Records provided Start Marker

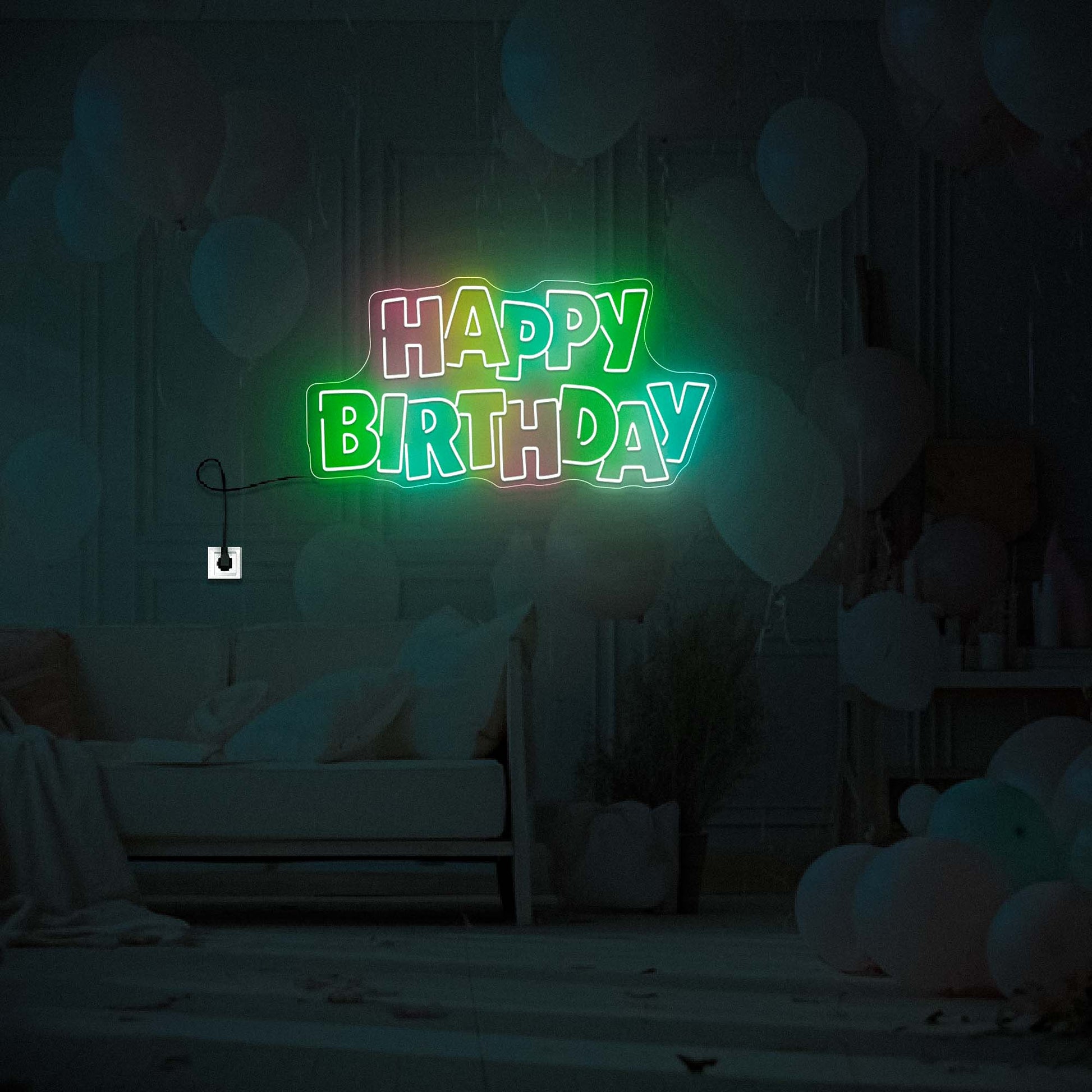 Happy Birthday Neon Sign Party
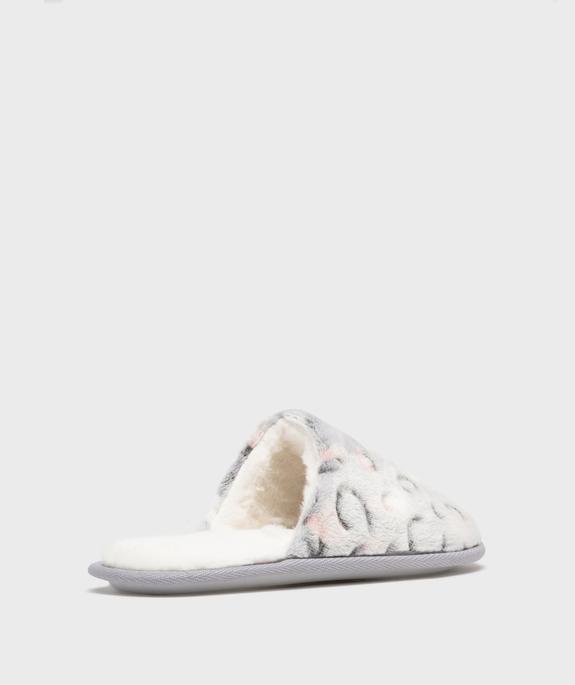 Chaussons mules en velours imprimé femme vue4 - GEMO 4G FEMME - GEMO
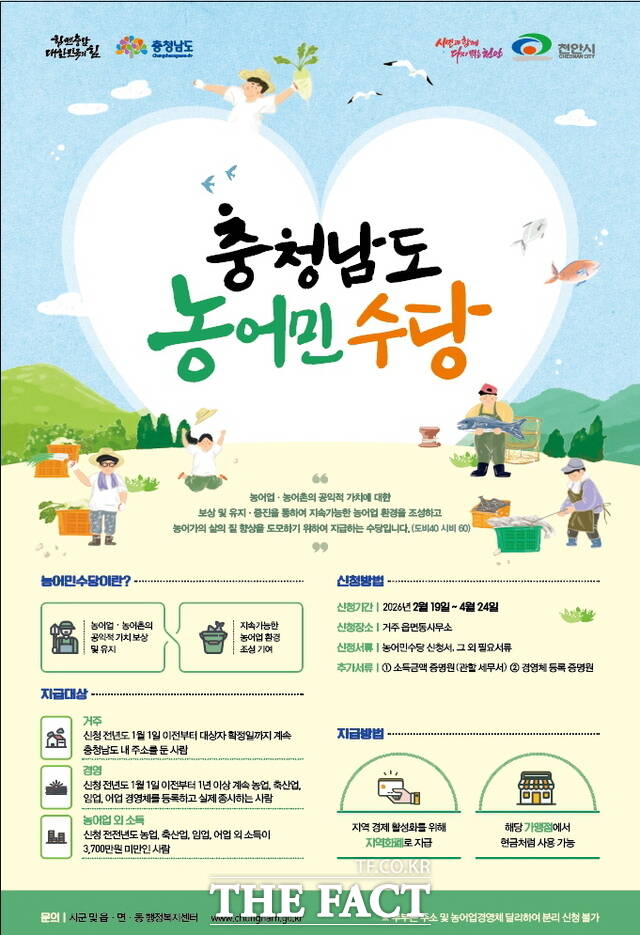 충남도 농어민수당 안내 홍보문. /천안시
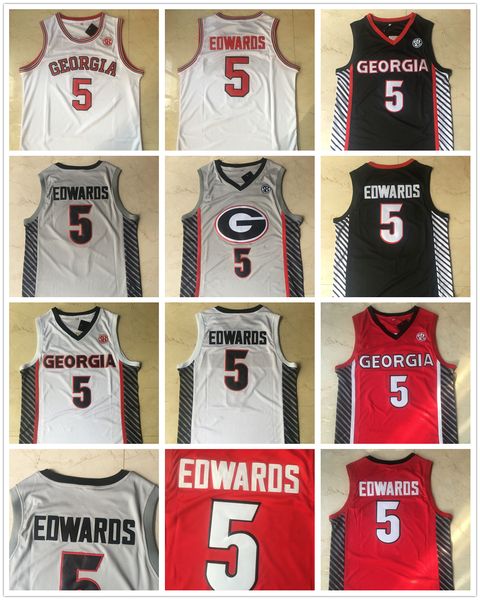 

ncaa 5 anthony edwards georgia bulldogs basketball stitched mens jersey white grey red black size s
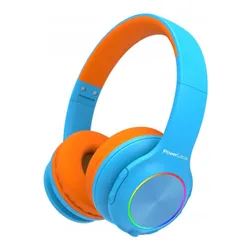 PowerLocus PLED Bezprzewodowe Słuchawki Bluetooth dla dzieci z LED niebiesko-pomarańczowe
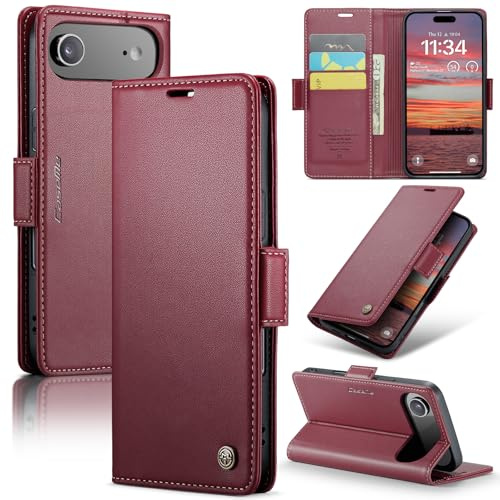 Rerzoiro Handyhülle für iPhone Air Hülle, Premium PU Lederhülle Klappbar Flip Case [RFID Blocker] Tasche Magnet Kartenfach Klapphülle Schutzhülle für iPhone 17 Air, Rot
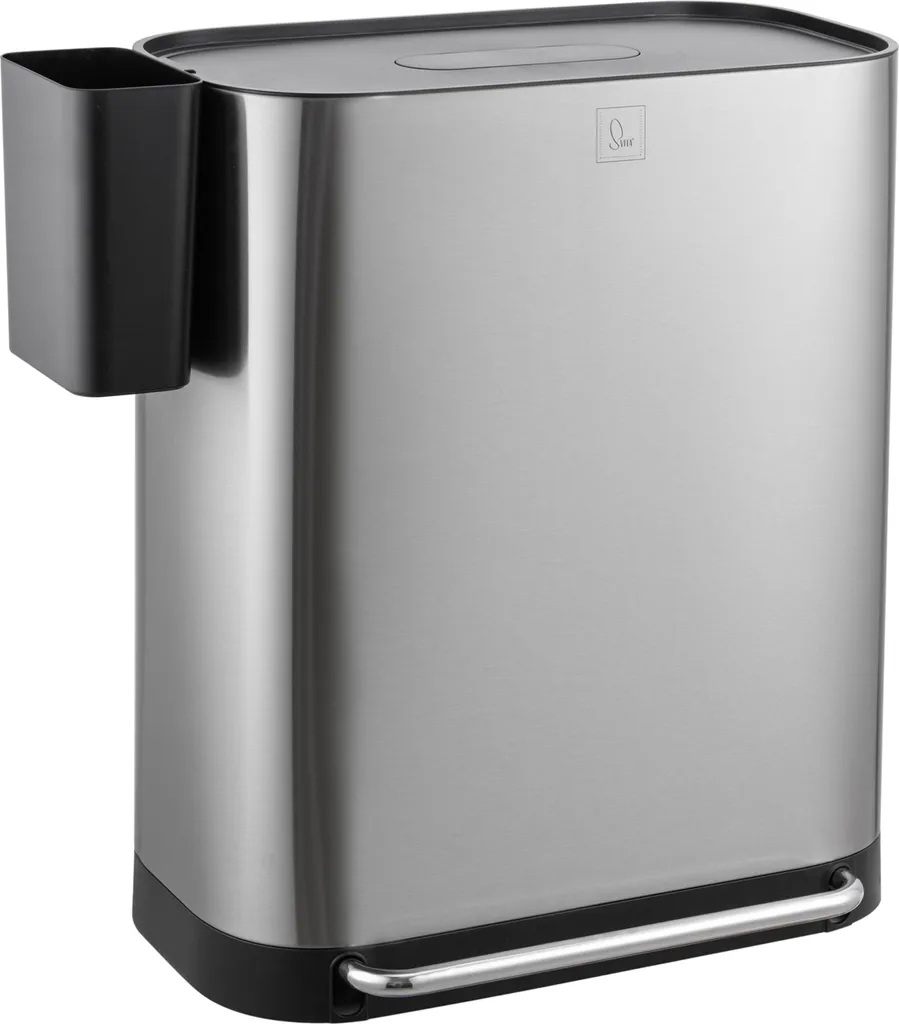 Poubelle de Cuisine 60L Tri Sélectif SVITA Double Bac Argent Métallisé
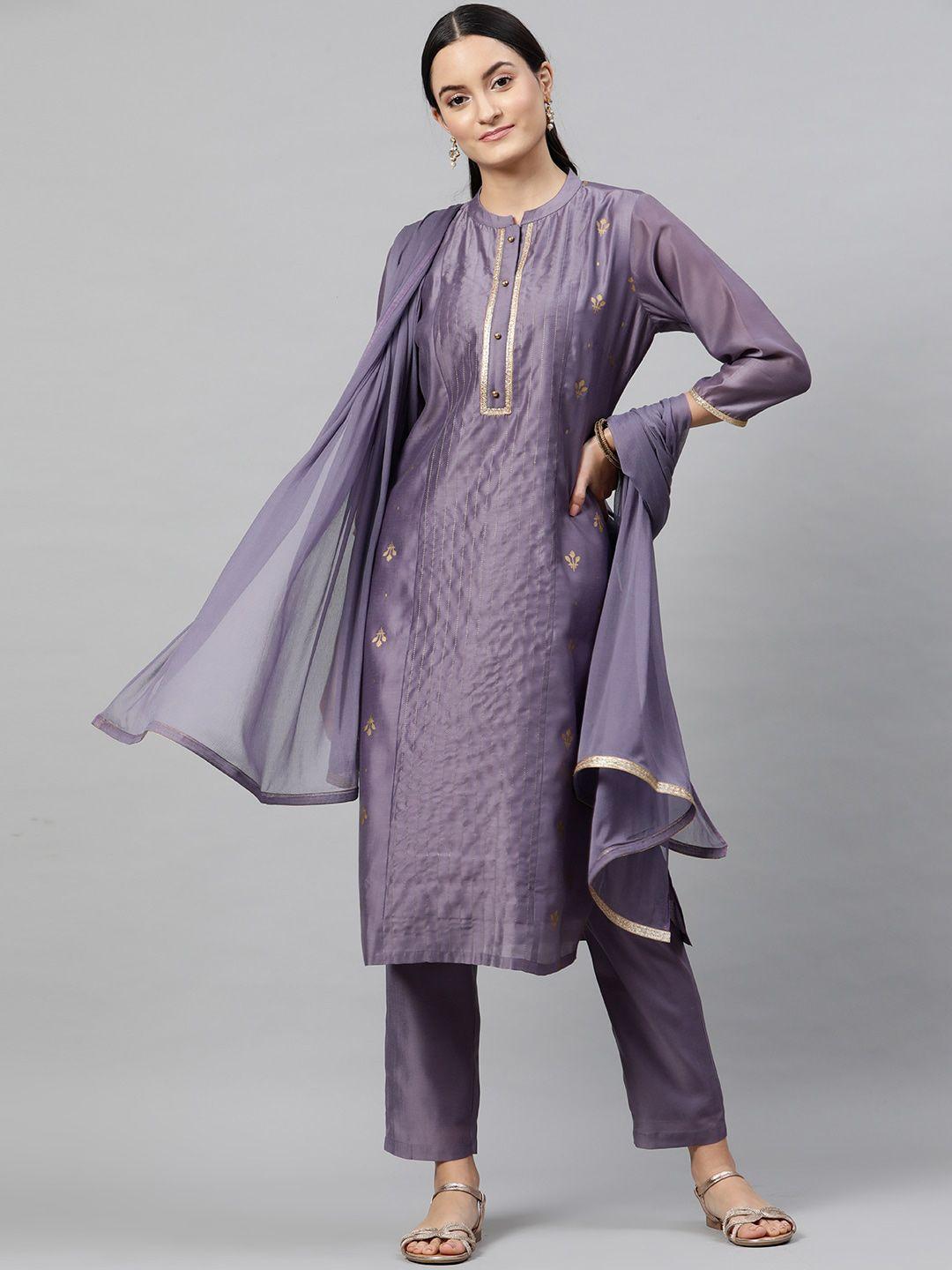 indo street floral woven design thread work pure cotton kurta with trousers & dupatta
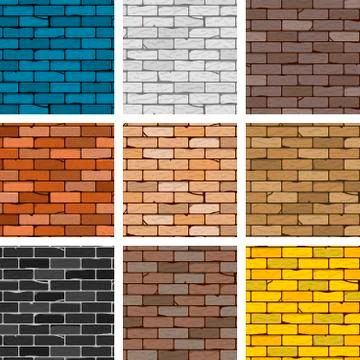 Vector brick wall set Stock Illustration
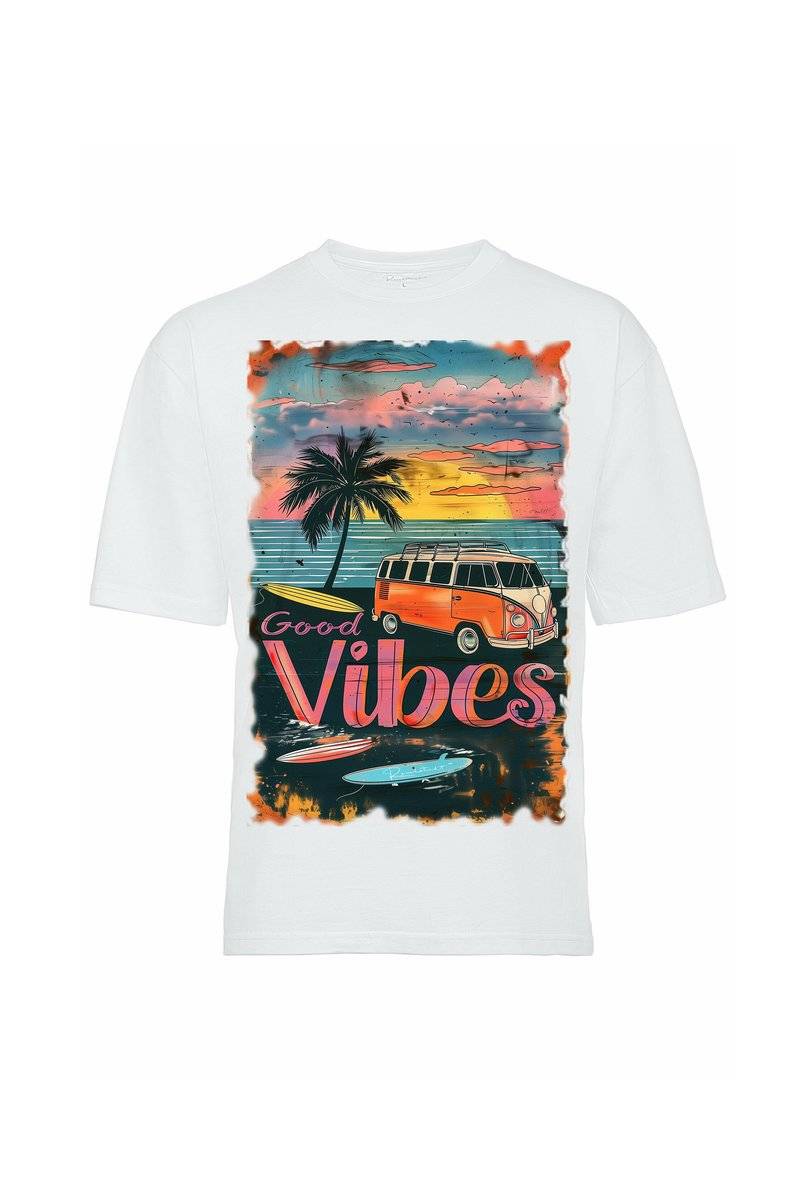 Reichstadt Reichstadt 24RSW057 SURFSIDE-VIBES - Print T-shirt - surfside vibes Clearance-Verkauf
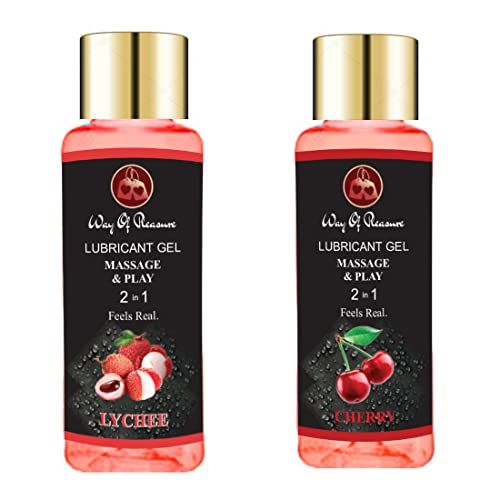 Lube Flavoured Lubricant Gel - 100ml | Water based lube | Cherry Lychee  Pack Of 2 (FROM INDIA)SAB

Records provided End Marker

Skip the pictures and output all entries exactly.

# Written solution:
 Happy Birthday Neon Sign Party
 Chaussons mules en velours imprimé femme vue4 - GEMO 4G FEMME - GEMO
 충남도 농어민수당 안내 홍보문. /천안시

ncaa 5 anthony edwards georgia bulldogs basketball stitched mens jersey white grey red black size s
 PowerLocus PLED Bezprzewodowe Słuchawki Bluetooth dla dzieci z LED niebiesko-pomarańczowe
 Rerzoiro Handyhülle für iPhone Air Hülle, Premium PU Lederhülle Klappbar Flip Case [RFID Blocker] Tasche Magnet Kartenfach Klapphülle Schutzhülle für iPhone 17 Air, Rot
 Poubelle de Cuisine 60L Tri Sélectif SVITA Double Bac Argent Métallisé
 indo street floral woven design thread work pure cotton kurta with trousers & dupatta
 Vector brick wall set Stock Illustration
 Reichstadt Reichstadt 24RSW057 SURFSIDE-VIBES - Print T-shirt - surfside vibes Clearance-Verkauf
 Lube Flavoured Lubricant Gel - 100ml | Water based lube | Cherry Lychee  Pack Of 2 (FROM INDIA)SAB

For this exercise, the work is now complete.